The latter is to be a ground system architecture that uses data from the Space Force’s Space-Based Infrared System (SBIRS) constellation by Lockheed Martin and the future Next-Generation OPIR constellation by Lockheed Martin.

Raytheon said that its MTC payload is to be integrated onto Lockheed Martin’s LM400 satellite bus design, which includes SmartSat software features “that allow it to adapt to changing mission needs and deploy new capabilities to stay ahead of evolving threats.”

SSC said last November that it had conducted critical design reviews (CDRs) for the Raytheon and Millenium Space Systems’ MTC proposals and that both company’s designs are on schedule. The command has planned to conduct system-level CDRs for both companies’ full space vehicle designs this summer.

“If successful designs are matured and proven, the program can then proceed into building multiple satellites to operate in a plane of capability as part of the MTC initial capability which is currently slated for two launches in late 2026,” SSC said last November.

Millennium Space Systems said on Jan. 4 that it executed “the next contract option” on Nov. 16 last year “for design through build and delivery of the first [MTC] space vehicle” and that it expects to deliver the system to SSC by August 2026.

“There are contract options for a second and third vehicle, and if exercised, the same delivery date applies,” Millenium Space Systems said on Jan. 4. “Millennium’s MTC payload takes advantage of five years of development work at Boeing.”

The MTC payloads are to track missile launches and hypersonic glide vehicles from MEO and to integrate with the Space Development Agency (SDA) Tracking Layer satellites and SBIRS Geosynchronous Earth Orbit and Highly Elliptical Orbit (GEO/HEO) satellites.

The U.S. tracks missile launches via GEO and HEO satellites and plans to expand that coverage to Low-Earth Orbit (LEO) through the fielding of SDA’s Tracking Layer. The MEO satellites would expand missile tracking coverage.

In the fiscal 2023 omnibus law, the MEO portion of the Space Force Resilient Missile Warning/Missile Tracking program received more than $408 million in research and development funding, a nearly $270 million increase over the budget request.

Language in an explanatory statement on the omnibus said that, while the House-Senate conference “strongly supports the pivot to a more proliferated and diverse architecture of smaller satellites, the Space Force has not provided sufficient information on the expected life-cycle cost of the new architecture; the cost to recapitalize a proliferated architecture every three to five years; potential risks and challenges in the supply chain; the ability of the Space Force to scale up capabilities to command and control a much larger number of satellites; and the applicability and ability to meet stringent requirements for missile warning certification, cybersecurity, and resilience against reversible and irreversible kinetic and non-kinetic attacks.”

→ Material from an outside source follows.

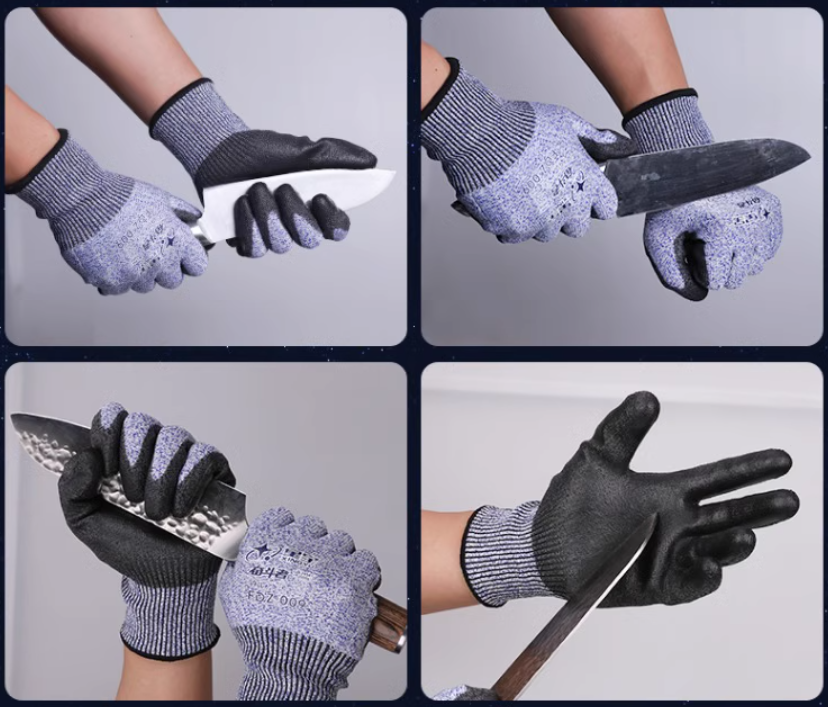 ถุงมือกันบาด ระดับ 5 แบบเคลือบ PU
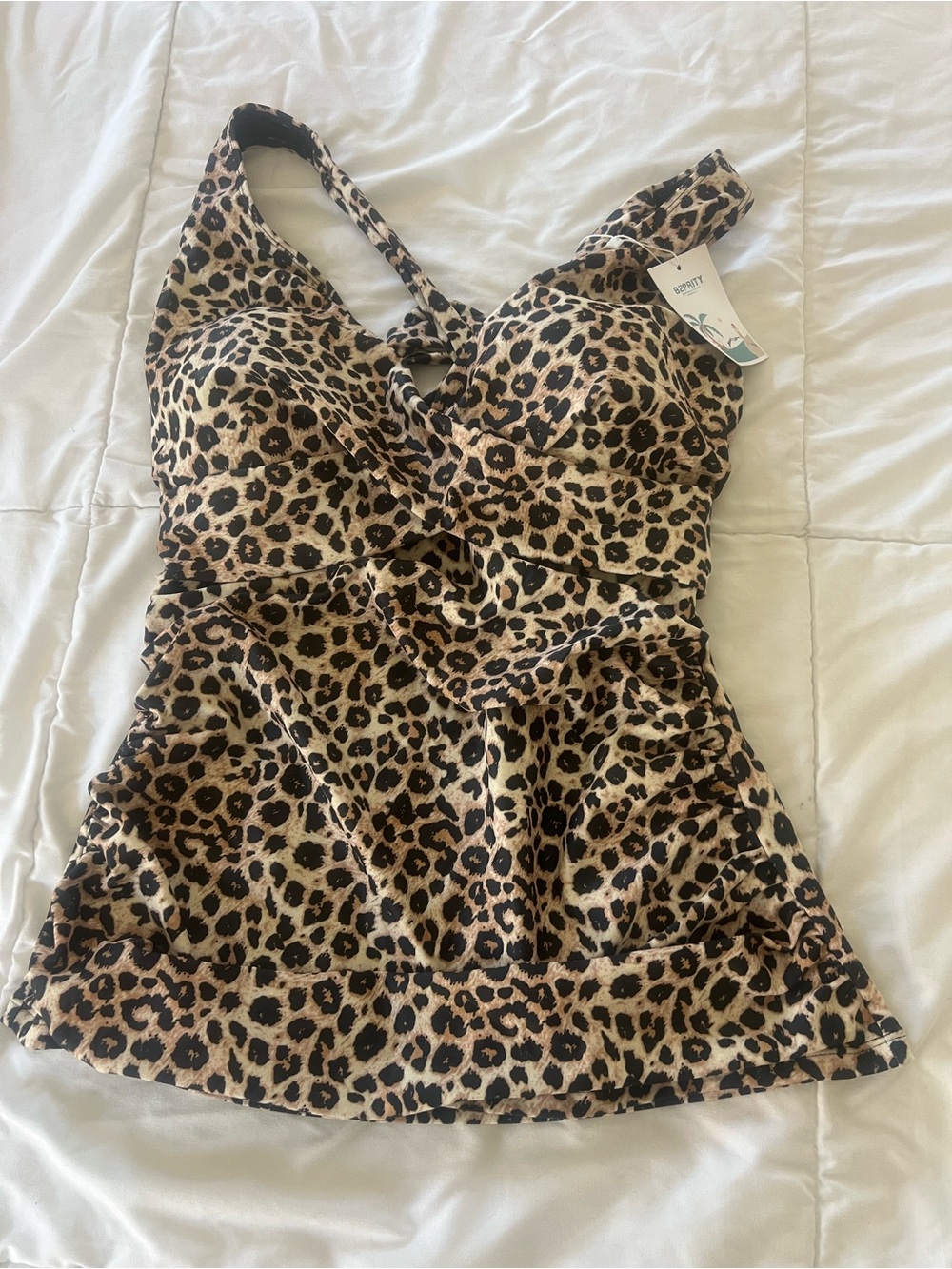 New Leopard Print Swim Tankini Top in Black and Tan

Lawmakers direct the Pentagon’s director for cost assessment and program evaluation to provide a life-cycle cost estimate and a report on the proposed Resilient Missile Warning/Missile Tracking initiative within two months.

The House-Senate conference agreement on the omnibus also directs the secretary of the Air Force “to continue to provide quarterly briefings on the status of its missile warning-related program and expand the scope to include both the OPIR program and the Resilient Missile Warning-Missile Tracking program as an integrated set of programs.”